• **Data records**
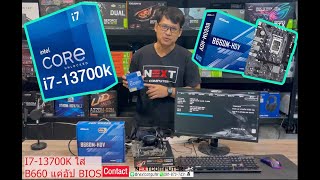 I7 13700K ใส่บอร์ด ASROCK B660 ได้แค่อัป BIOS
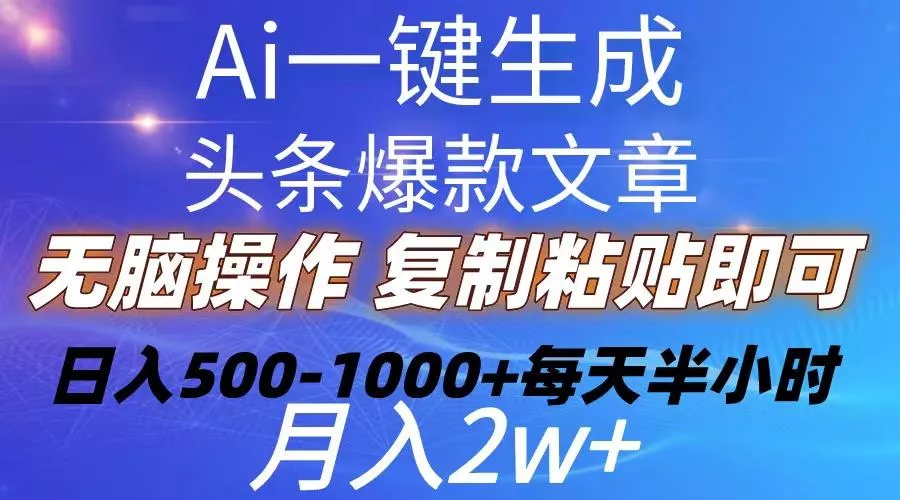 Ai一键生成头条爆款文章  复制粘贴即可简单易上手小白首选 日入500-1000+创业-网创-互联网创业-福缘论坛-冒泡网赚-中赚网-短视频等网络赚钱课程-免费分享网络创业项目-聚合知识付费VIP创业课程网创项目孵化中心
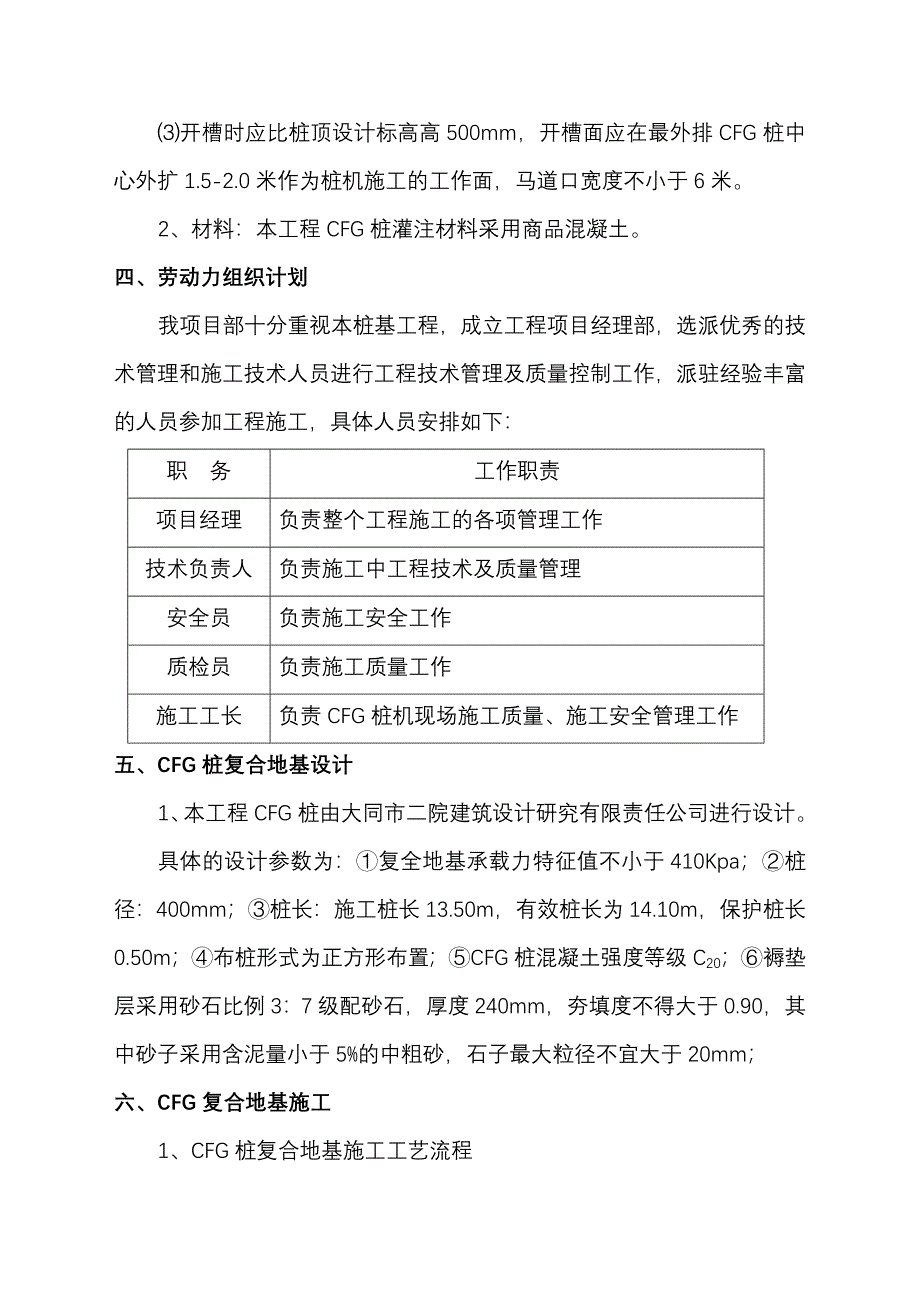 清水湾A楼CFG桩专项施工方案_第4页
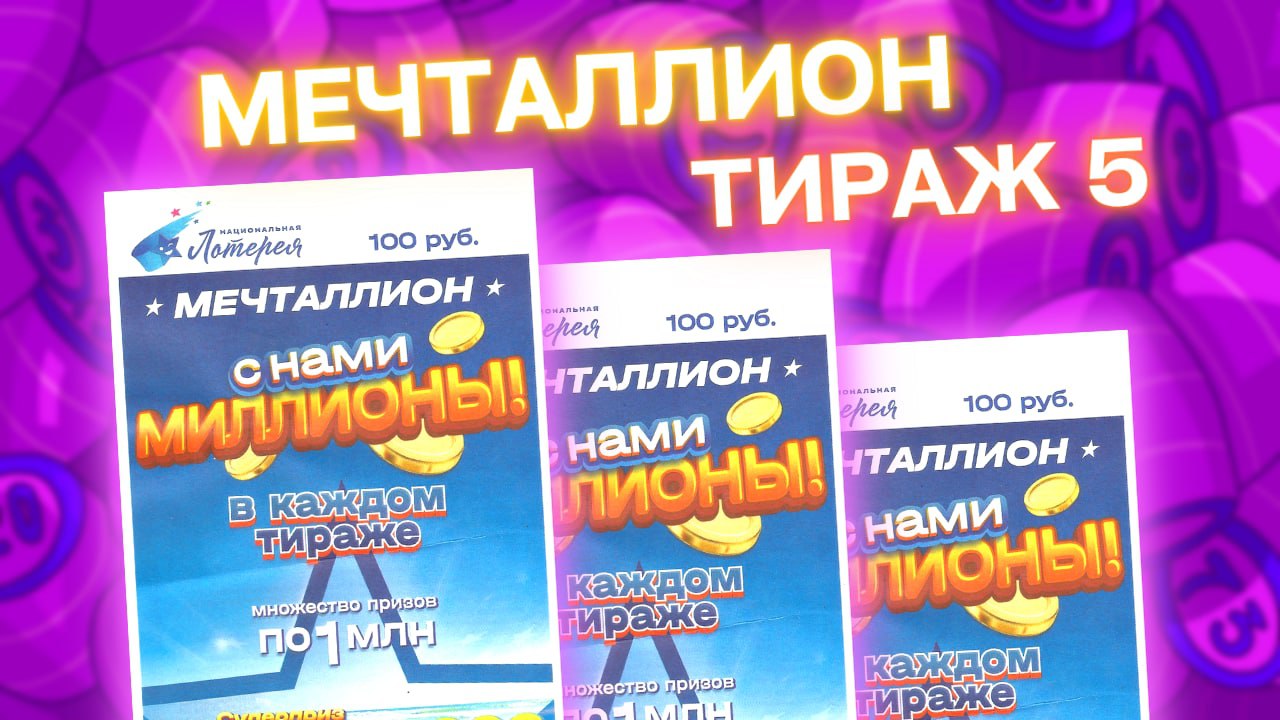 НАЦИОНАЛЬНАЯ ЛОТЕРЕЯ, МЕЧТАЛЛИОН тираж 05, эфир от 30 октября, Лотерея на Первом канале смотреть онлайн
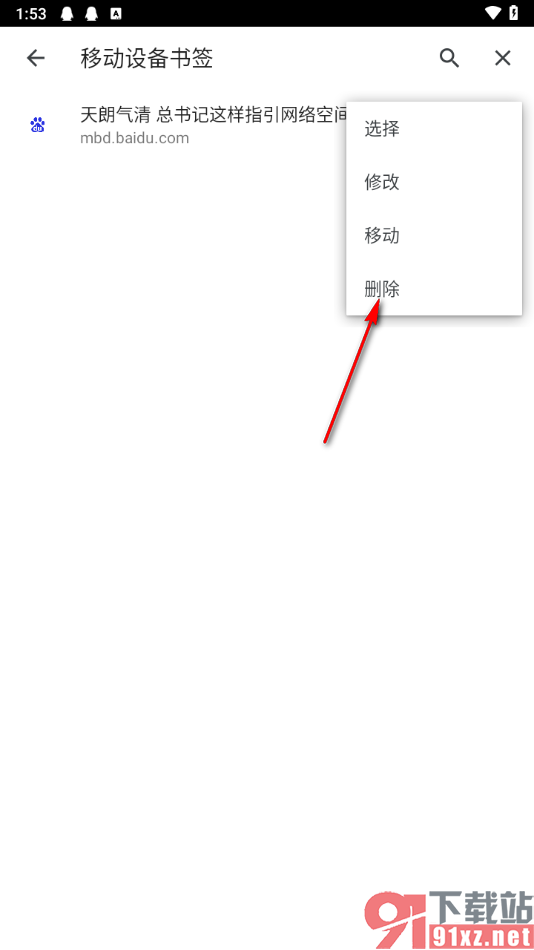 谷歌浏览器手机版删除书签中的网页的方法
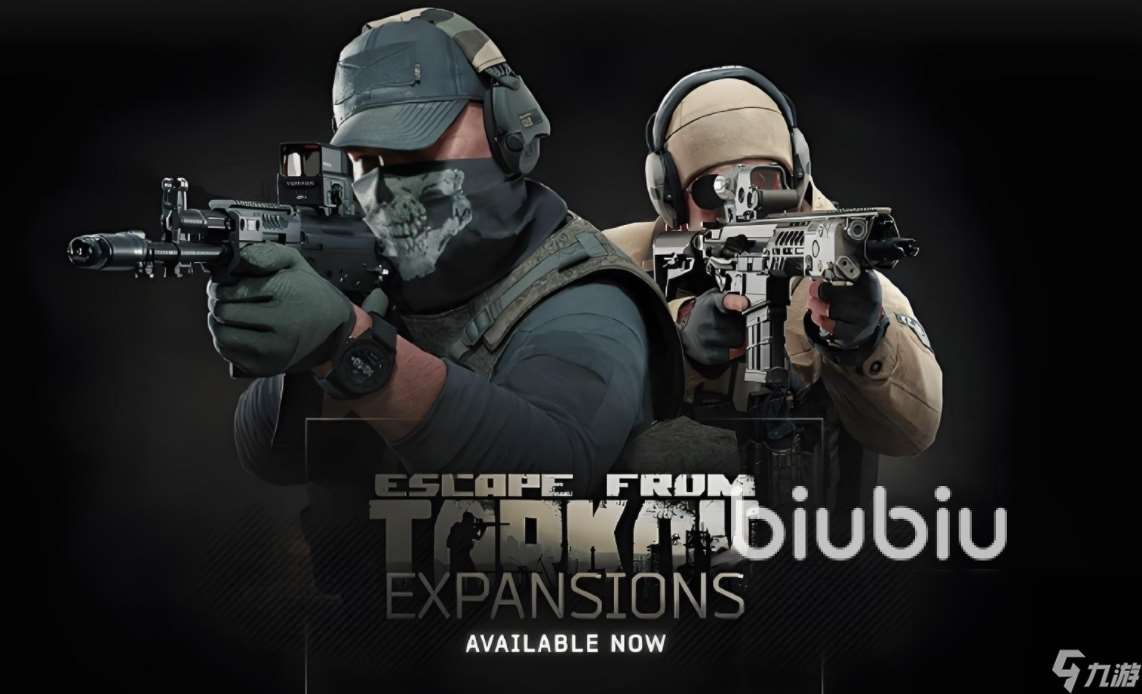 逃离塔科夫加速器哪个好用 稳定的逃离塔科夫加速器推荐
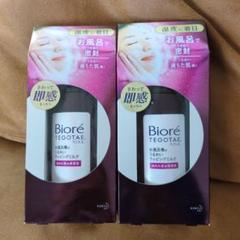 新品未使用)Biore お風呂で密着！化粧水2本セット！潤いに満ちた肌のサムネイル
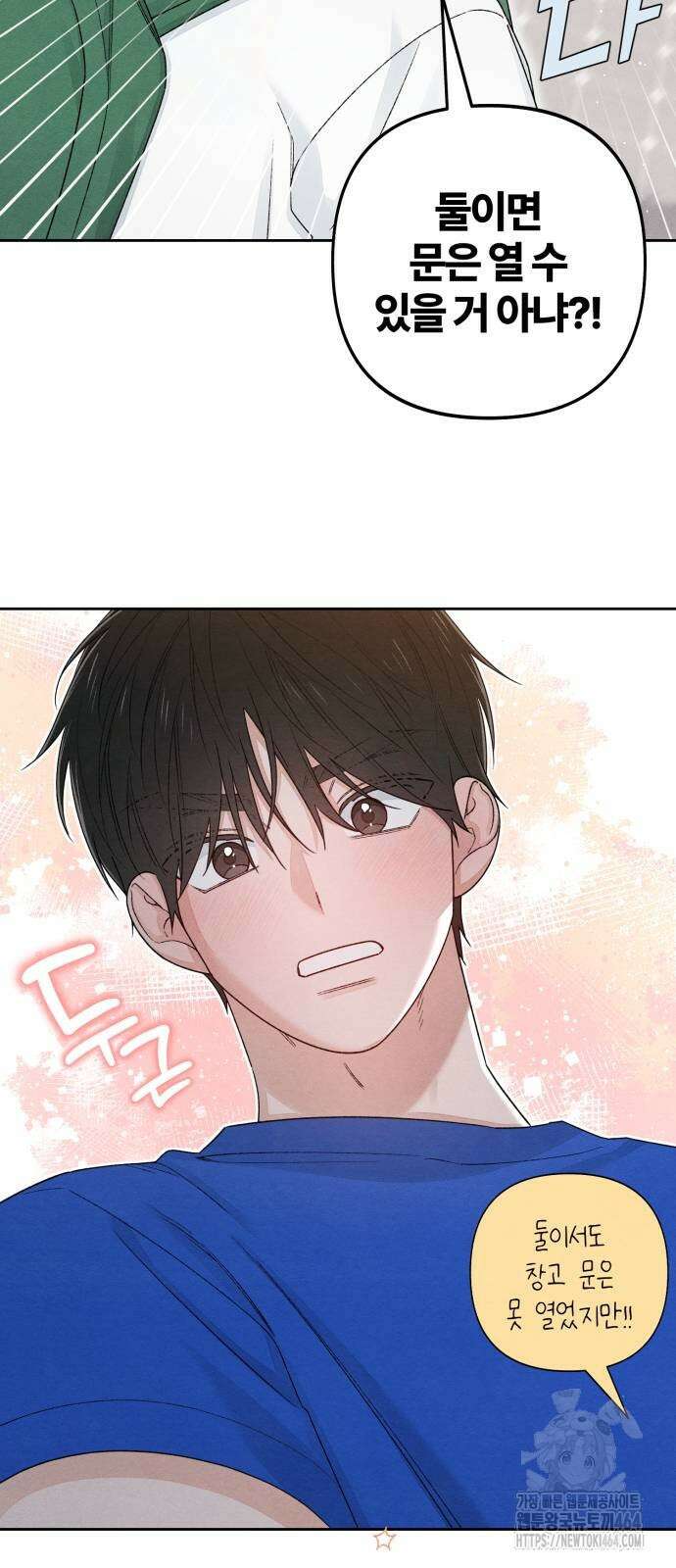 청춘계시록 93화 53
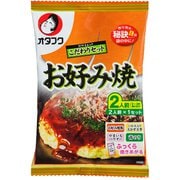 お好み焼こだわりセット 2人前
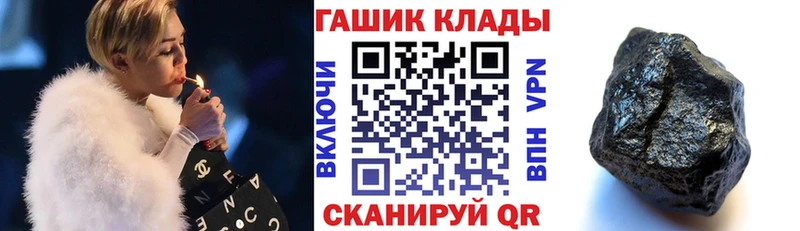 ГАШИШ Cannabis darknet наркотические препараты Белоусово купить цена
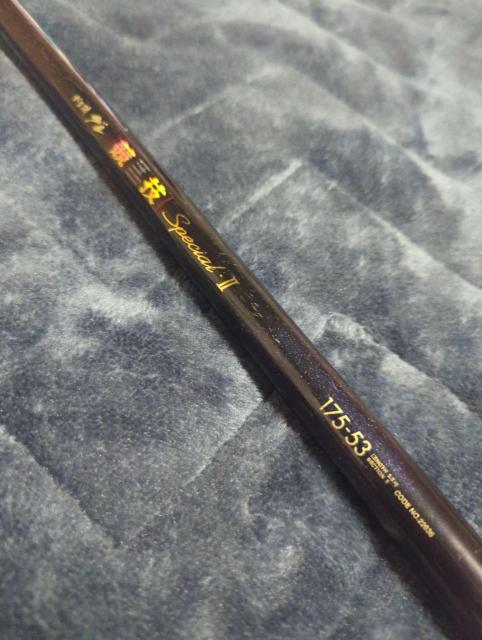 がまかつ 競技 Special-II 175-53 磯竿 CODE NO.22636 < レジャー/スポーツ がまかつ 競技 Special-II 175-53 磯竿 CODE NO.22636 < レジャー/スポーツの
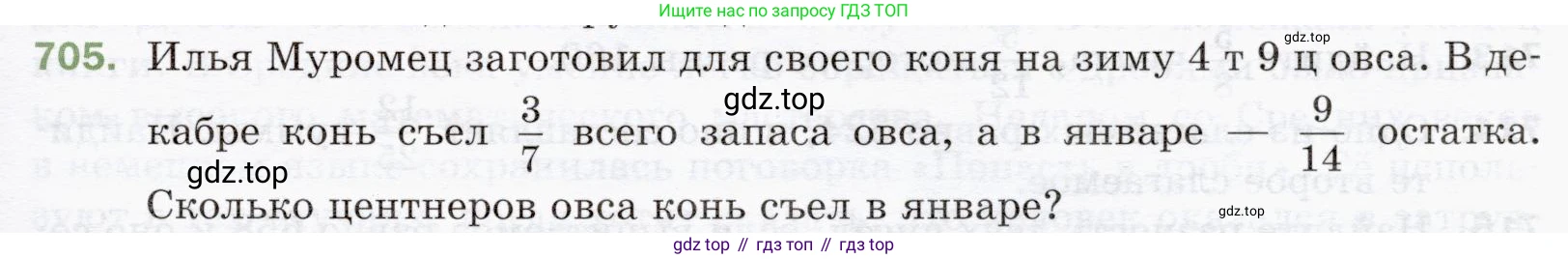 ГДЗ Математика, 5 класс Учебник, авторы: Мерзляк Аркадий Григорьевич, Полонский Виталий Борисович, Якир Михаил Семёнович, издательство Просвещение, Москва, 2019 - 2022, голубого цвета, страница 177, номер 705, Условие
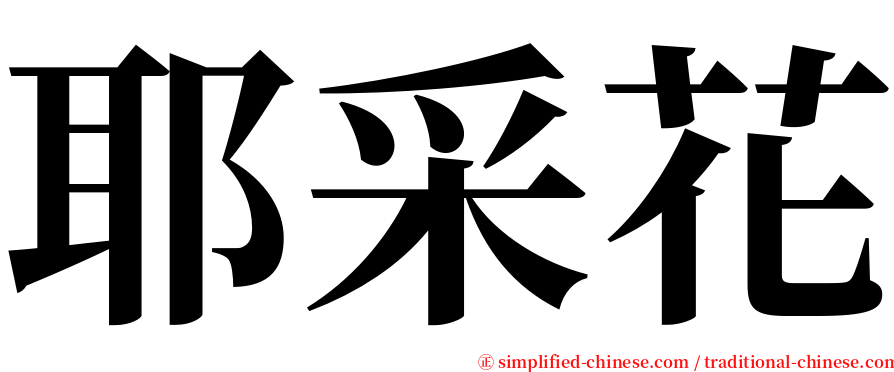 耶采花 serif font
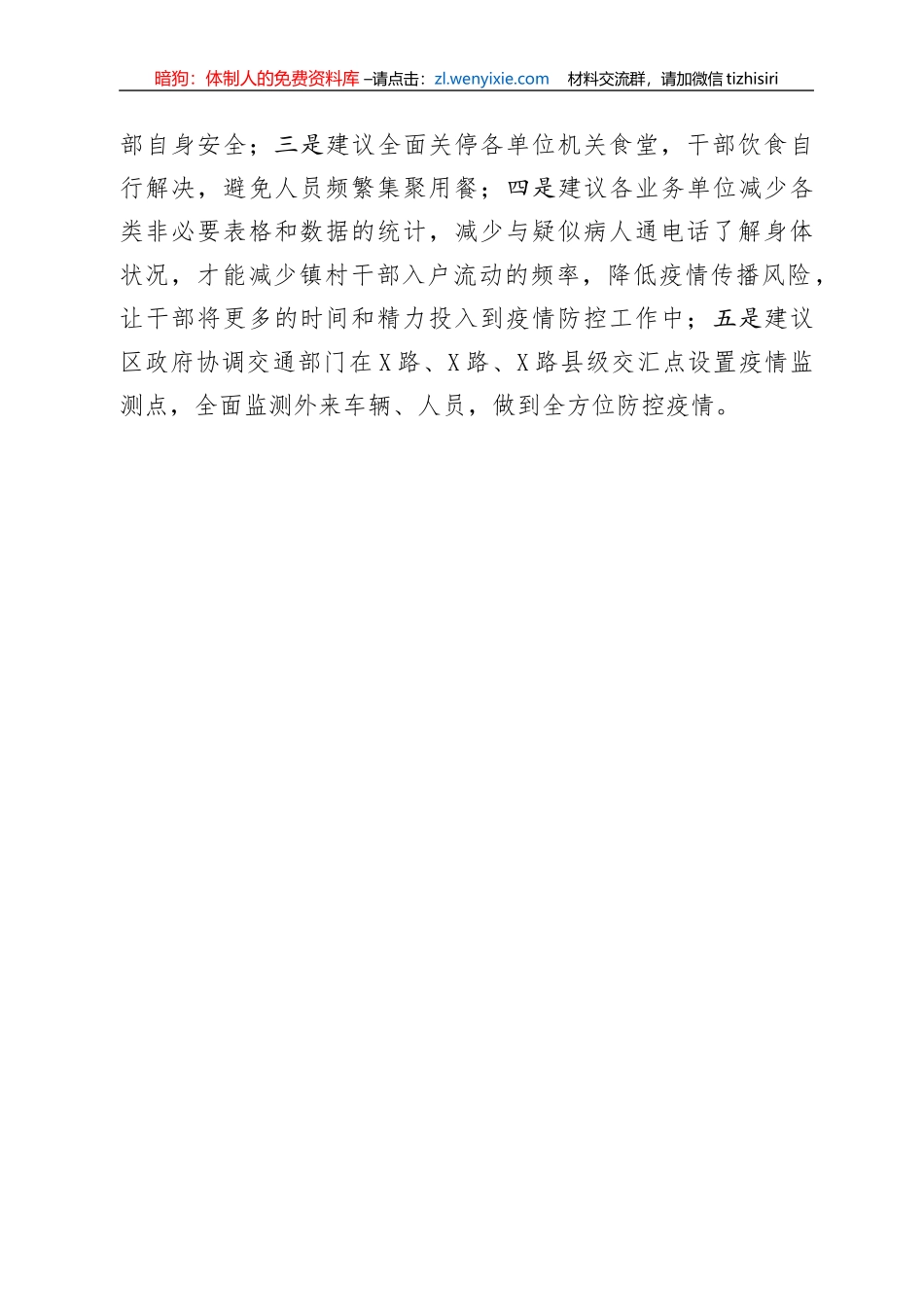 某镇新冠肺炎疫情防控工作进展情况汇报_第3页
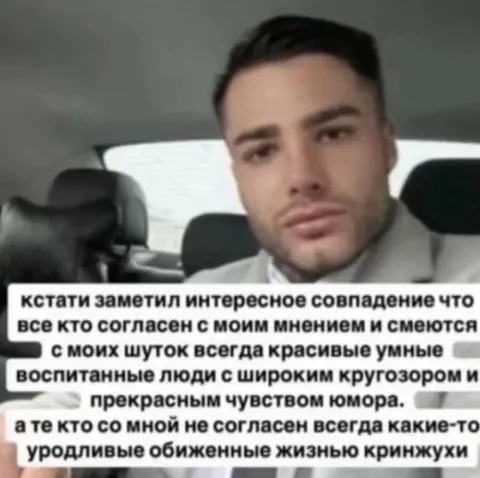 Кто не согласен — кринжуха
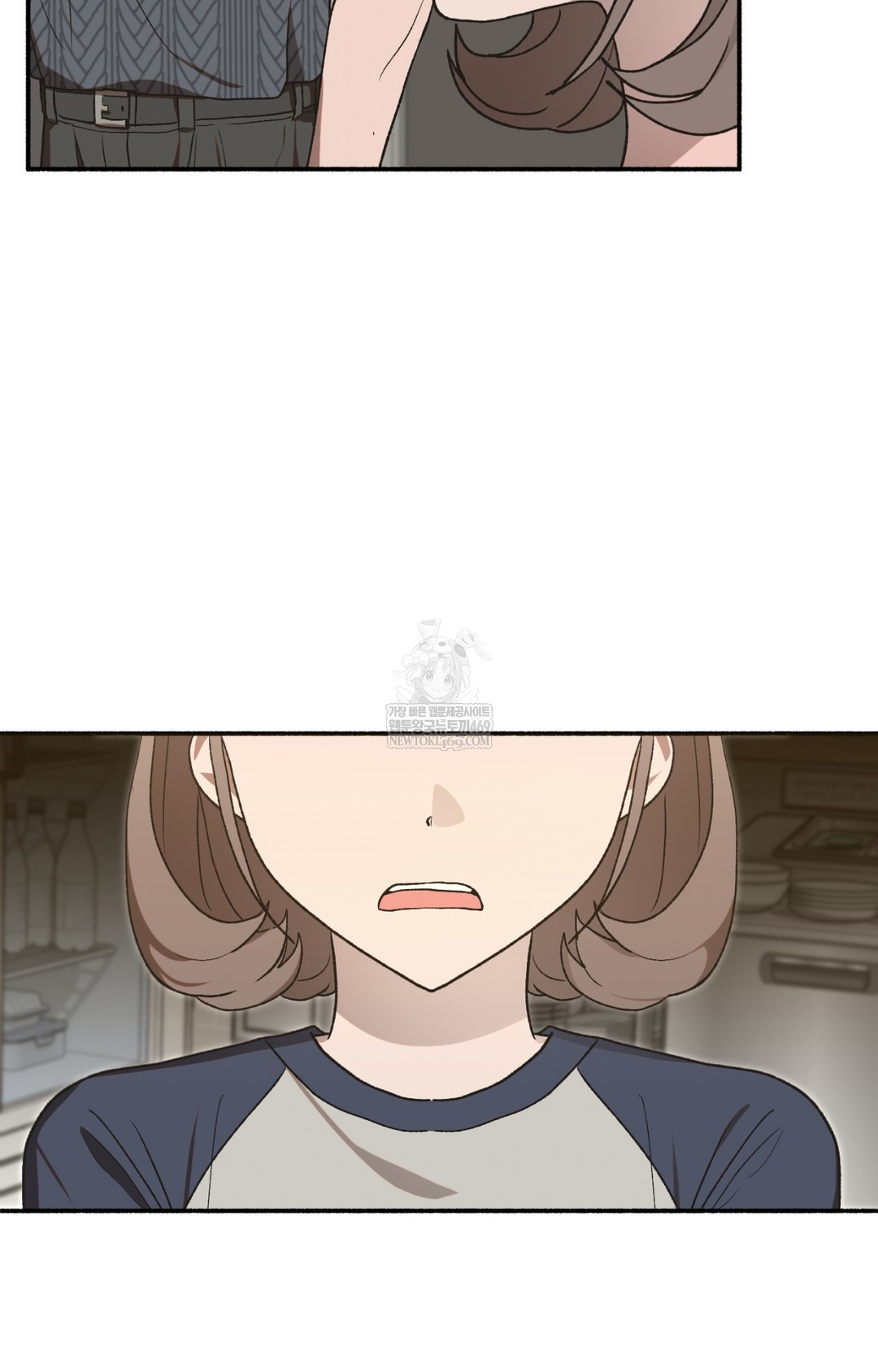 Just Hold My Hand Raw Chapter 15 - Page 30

• **To do**
Retype word for word the span of lines above that begins with the line containing "Кто не согласен — кринжуха" and ends with the last line of the records; skip all pictures.

• **Exercise result**
 Кто не согласен — кринжуха
 Just Hold My Hand Raw Chapter 15 - Page 30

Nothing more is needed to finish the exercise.